An alternative would be to exploit the new Grid Engine topology masks introduced in Univa Grid Engine 8.1.3. While with the core binding submission parameter (qsub -binding) a job requests a specific fixed amount of cores for the job, the topology mask bind the core selection request to the resource (i.e. execution machine the scheduler selects). Hence the Grid Engine scheduler can translate a virtual entity into the machine specific meanings. That‘s a bit abstract, hence an example should demonstrate it:

We assume that we have two types of machines in our cluster, old two socket quad-core processors and new octo-core machines also with two sockets. The workload creates lots of threads or can create as much threads as processors are available (during job execution the processors can be get from the $SGE_BINDING environment variable). What we can do now is defining a virtual compute entity, which expresses some compute power. Let‘s call it quads here. Since the old compute cores are slower than the new one you can define that a quad for the old machines are all four cores of processor, while on the new host a quad is equivalent to two cores (or one core if you like).

All what you have to do is to define the new compute entity quad in the Grid Engine complex configuration as a per host consumable with type RSMAP (resource map).

       qconf -mc
        quad  qd  RSMAP  <=  YES  HOST  0  0

Now we need to assign the quads to the hosts. This is done in the host configuration. At an old host a quad represents 4 cores. Hence 2 quads are available per host.

       qconf -me oldhost
       complex_values quad=2(quad1:SCCCCScccc quad2:SccccSCCCC)

Now we have two quad resources available: quad1 which is bound to the 4 cores on the first socket and quad2 which is available on the 4 cores of the second socket.

The same needs to be done on the new hosts, but now a quad are just two CPU cores.

       qconf -me newhost
       complex_values quad=8(quad1:SCCccccccScccccccc quad2:SccCCccccScccccccc \
      quad3:SccccCCccScccccccc quad4:SccccccCCScccccccc \
      quad5:SccccccccSCCcccccc quad6:SccccccccSccCCcccc \
      quad7:SccccccccSccccCCcc quad8:SccccccccSccccccCC) 

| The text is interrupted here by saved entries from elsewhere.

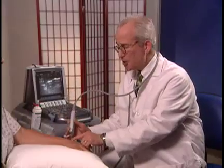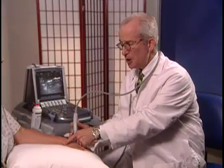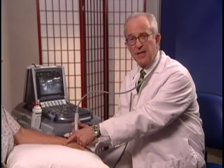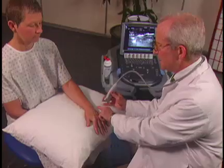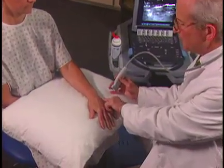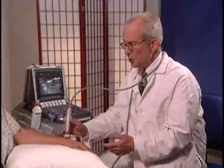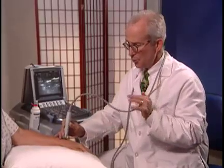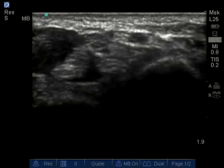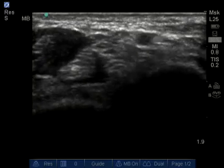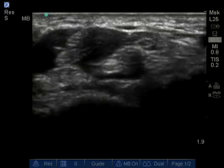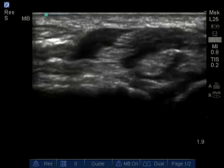There are six compartments, beginning with the first compartment at the base of the thumb and the sixth compartment near the ulnar styloid. When we look at the wrist structures, we're looking not only at tendons and bones, but also at a multitude of joints.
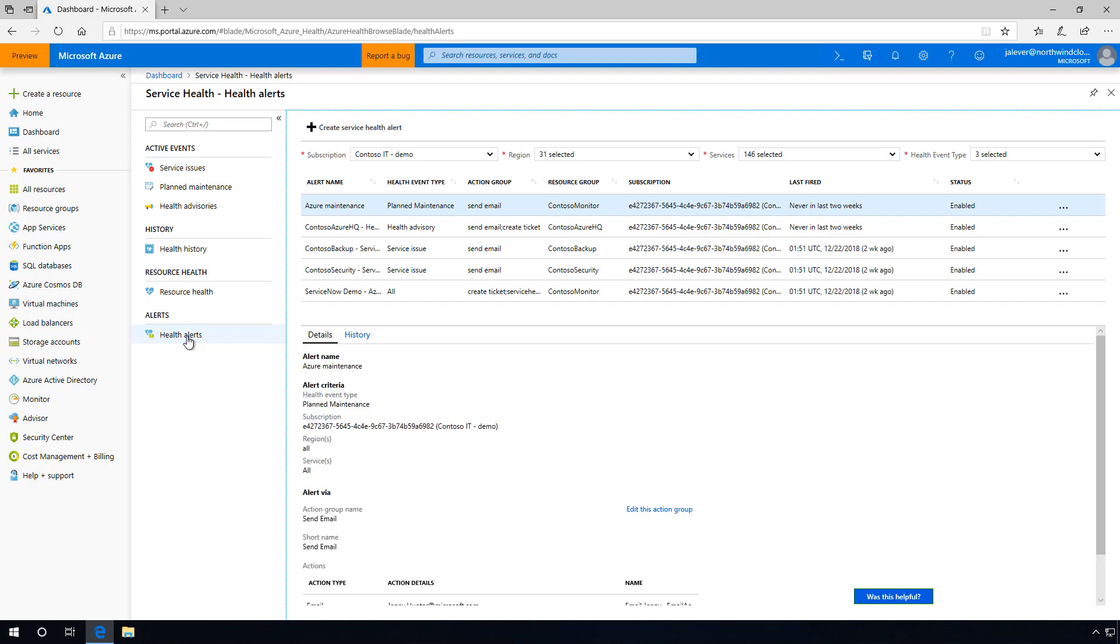Azure Service Health provides personalized alerts and guidance when Azure service issues affect you.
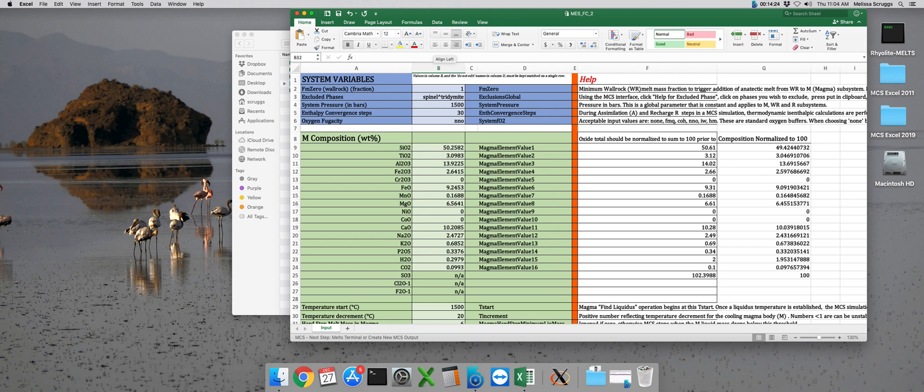That concludes our tutorial on how to prepare an MES input file for a fractional crystallization only run using the magma chamber simulator. In our next tutorial, we'll actually use the magma chamber simulator to perform this FC only run.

This looks like a little work for the administrator but afterwards it is very simple to use. The user just has to request the amount of quads he wants for the job and finally the core selection and core binding for the job is automatically done. The scheduler selects always the first free quad in the order of the complex values definition. Following job submission demonstrates it:

       qsub -l quad=1 -pe mytestpe 4 -b y sleep 123

Resource Based Core Binding
In order to force all jobs to use this compute entity quad, a JSV script could be written which adds the request to all jobs (while it disallows any existing core binding requests).

When now the job runs on a new host it is bound on two cores, while when the job is scheduled by Grid Engine to an on old host it runs on four cores. Of course you can also request as many quads as you like. NB: When requesting more then 2 quads per job, the job can‘t be scheduled to an old host. It will run only on new hosts. The quads are a per host requests, meaning that on each host the job runs that amount of quads you had requested are chosen (independent from the requested and granted amount of slots on this host).

This feature is unique in Univa Grid Engine and was introduced in UGE 8.1.3.